Under the new legislation, members of the board of directors and board of commissioners at SOEs are no longer classified as state officials. This redefinition significantly narrows the scope of the KPK's authority to investigate corruption within state-run corporations.
The new law, which replaces Law No. 19/2003 on SOEs, has drawn sharp criticism from anti-corruption advocates who argue it undermines the KPK's ability to prosecute wrongdoing in companies where public funds and strategic interests are deeply involved.
Key articles under scrutiny
Two specific articles in Law No. 1/2025 have become flashpoints:
Article 3X (1): "SOE officials and employees are not considered state officials."
Article 9G: "Members of the board of directors, board of commissioners, and supervisory board of SOEs are not considered state officials."
The explanation for Article 9G clarifies that an individual's broader status as a state official may not be automatically revoked, but this nuance still weakens the legal foundation for KPK intervention in SOE corruption cases.
Under the KPK Law No. 19/2019, the commission is authorized to investigate corruption involving law enforcement officers, state officials, or cases involving a minimum of Rp 1 billion in state losses. With SOE directors and commissioners now removed from the category of "state officials," the KPK's legal jurisdiction is significantly constrained.
Concerns over reduced oversight
The change has sparked widespread concern, given the pivotal role SOEs play in Indonesia's economy and the substantial risk of public fund misappropriation in the sector.

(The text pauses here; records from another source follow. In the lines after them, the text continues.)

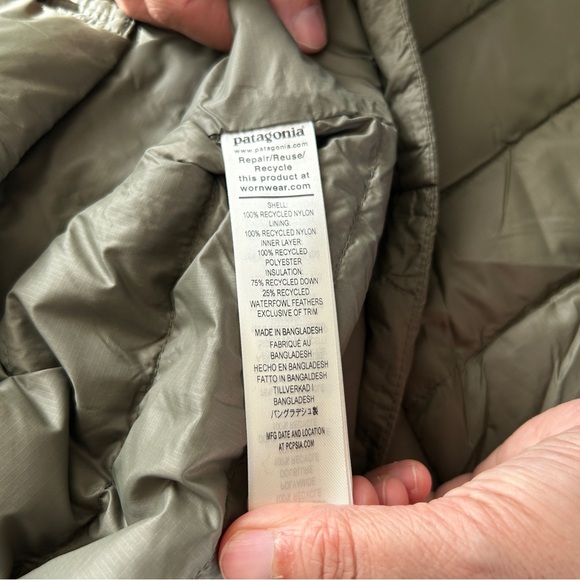 Patagonia Women's Recycled Down Sweater Parka in Green, Size L, New with Tag - Picture 8 of 9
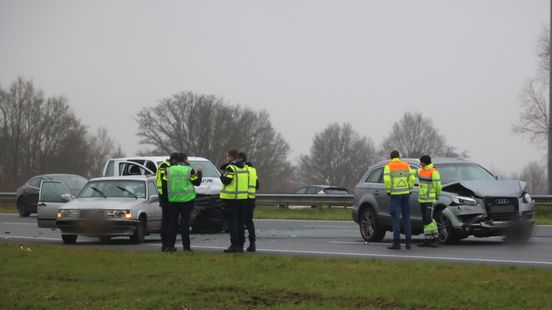 Kettingbotsing op A2 richting Vianen, tijdelijk 2 uur vertraging. Kettingbotsing op A2 richting Vianen, tijdelijk 2 uur vertraging.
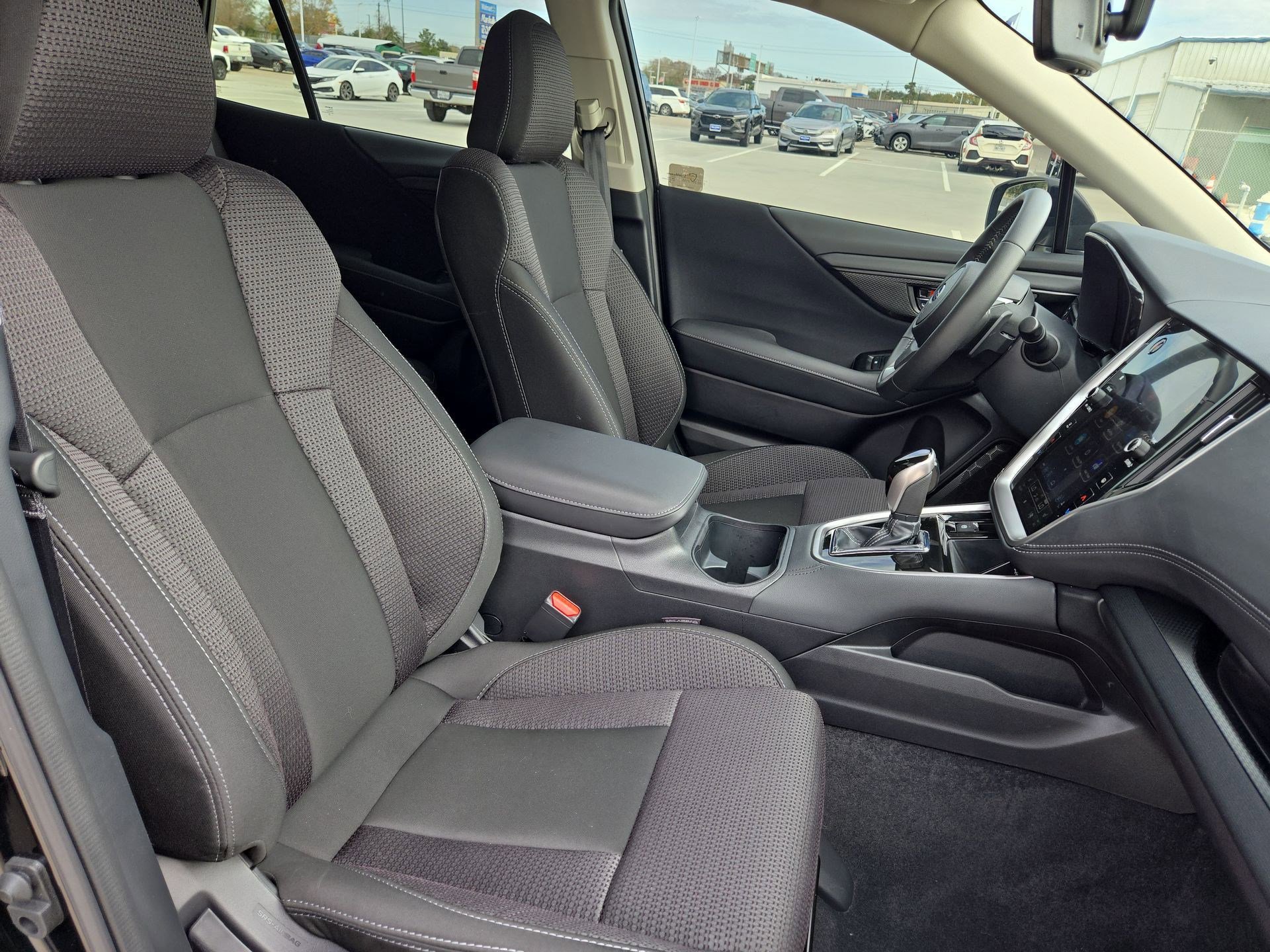 Used 2025 Subaru Outback Premium image 31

KPK spokesperson Tessa Mahardhika Sugiarto said the commission will conduct an in-depth review of the new SOE law's legal substance. The internal review will involve the agency's Legal Bureau and Enforcement Division to assess how the new provisions affect the KPK's operational mandate.

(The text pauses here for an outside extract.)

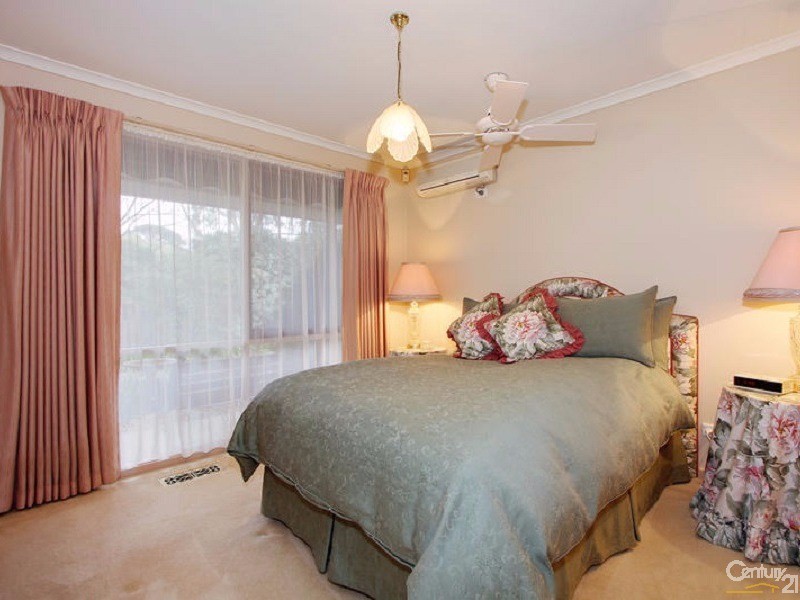 2/181 Bedford Road, Ringwood East VIC 3135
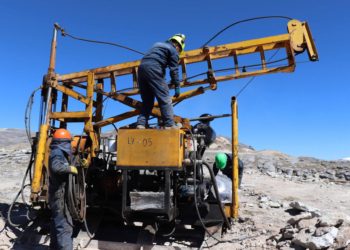 Descubren en Perú una enorme mina de litio y uranio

"This review is essential to ensure that anti-corruption efforts can still be carried out effectively, in line with the spirit of reform and the government's commitment to preventing budget leakage," Tessa said.
He also warned that redefining SOE executives outside the realm of state oversight could be dangerous for public accountability.
"We must not create the impression that SOEs are now immune from legal scrutiny just because of a shift in terminology. That would set a troubling precedent," he added.